The announcements from Senators Mike Lee of Utah and Jerry Moran of Kansas left the Republican Party’s long-promised efforts to get rid of former President Barack Obama’s healthcare legislation reeling. Next steps, if any, were not immediately clear.
Lee and Moran both said they could not support Majority Leader Mitch McConnell’s legislation in its current form. They joined Republican Senators Susan Collins of Maine and Rand Paul of Kentucky, both of whom announced their opposition right after McConnell released the bill last Thursday.
In a senate divided 52-48 between Republicans and Democrats, McConnell could lose only two senators and still prevail on a procedural vote to open debate on the bill.
There are at least a half-dozen or so others who are undecided, so it’s quite likely that more “no” votes will be announced in the hours and days ahead.
McConnell is now at least two votes short in the closely divided senate and may have to go back to the drawing board or even begin to negotiate with Democrats, a prospect he’s threatened but resisted so far. Or he could abandon the healthcare effort, which has proven more difficult than many Republicans envisioned after campaigning on the issue for years, and move on to tax legislation, a bigger Trump priority to begin with.

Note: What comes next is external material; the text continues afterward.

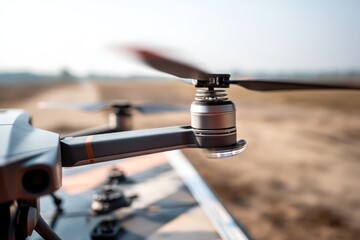 Drone Propeller in Motion Against Open Sky Background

McConnell’s bill “fails to repeal the Affordable Care Act or address healthcare’s rising costs. For the same reasons I could not support the previous version of this bill, I cannot support this one,” said Moran.
Lee said, “In addition to not repealing all of the Obamacare taxes, it doesn’t go far enough in lowering premiums for middle-class families; nor does it create enough free space from the most costly Obamacare regulations.”
It was the second straight failure for McConnell, who had to cancel a vote on an earlier version of the bill last month when defeat became inevitable.
Trump had kept his distance from the senate process, but Monday night’s development was a major blow for him, too, as the president failed to rally support for what has been the Republican Party’s trademark issue for seven years – ever since Obama and the Democrats passed the Affordable Care Act.
Republicans won the White House and full control of congress in large part on the basis of their promises to repeal and replace “Obamacare,” but have struggled to overcome their deep internal divisions and deliver.